## Given records
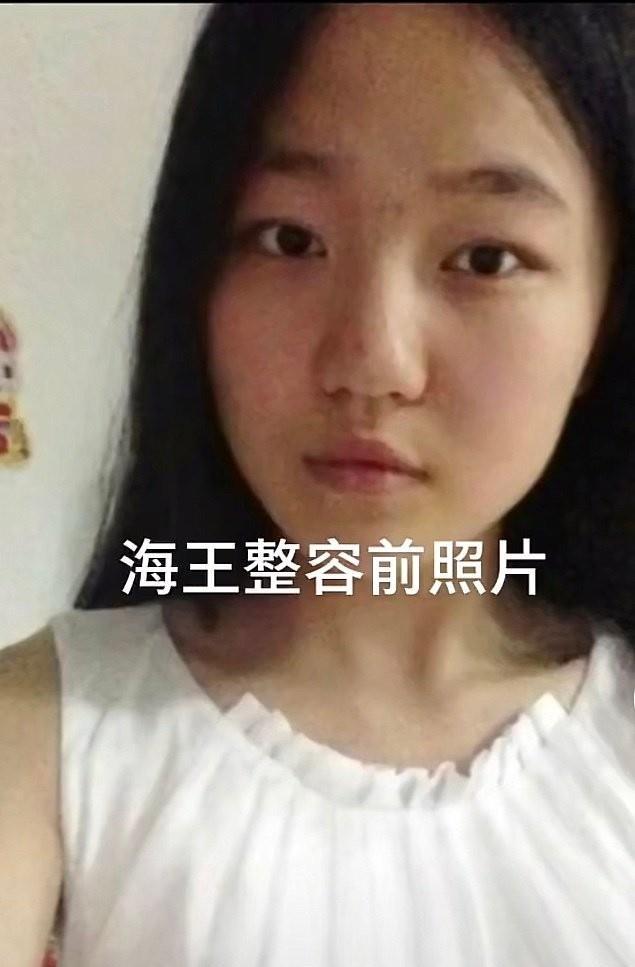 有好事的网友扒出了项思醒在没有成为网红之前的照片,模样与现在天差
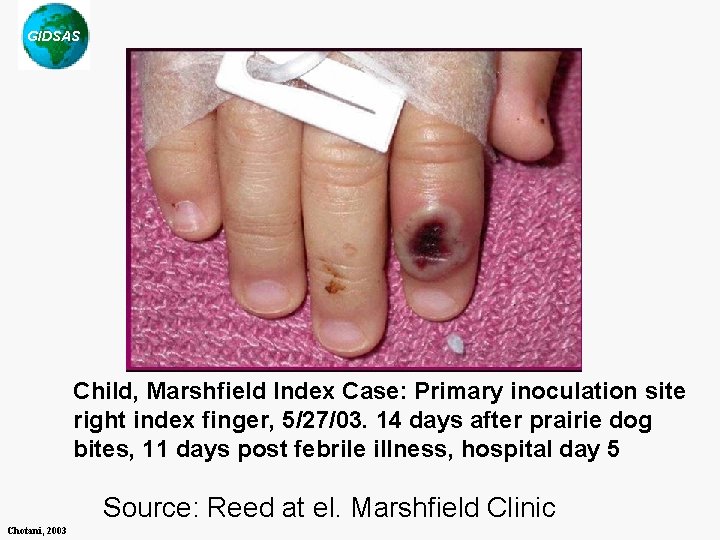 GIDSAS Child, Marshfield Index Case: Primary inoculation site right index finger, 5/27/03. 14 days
--
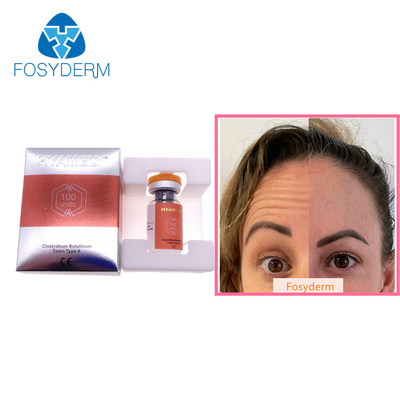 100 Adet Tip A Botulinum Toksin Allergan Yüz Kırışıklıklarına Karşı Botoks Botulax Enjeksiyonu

## What to work on
In the records above, everything from the line with "有好事的网友扒出了项思醒在没有成为网红之前的照片,模样与现在天差" down to the line with "GIDSAS Child, Marshfield" is to be set down exactly, both ends included, with no pictures and no other lines.

## Task response
 有好事的网友扒出了项思醒在没有成为网红之前的照片,模样与现在天差
 GIDSAS Child, Marshfield Index Case: Primary inoculation site right index finger, 5/27/03. 14 days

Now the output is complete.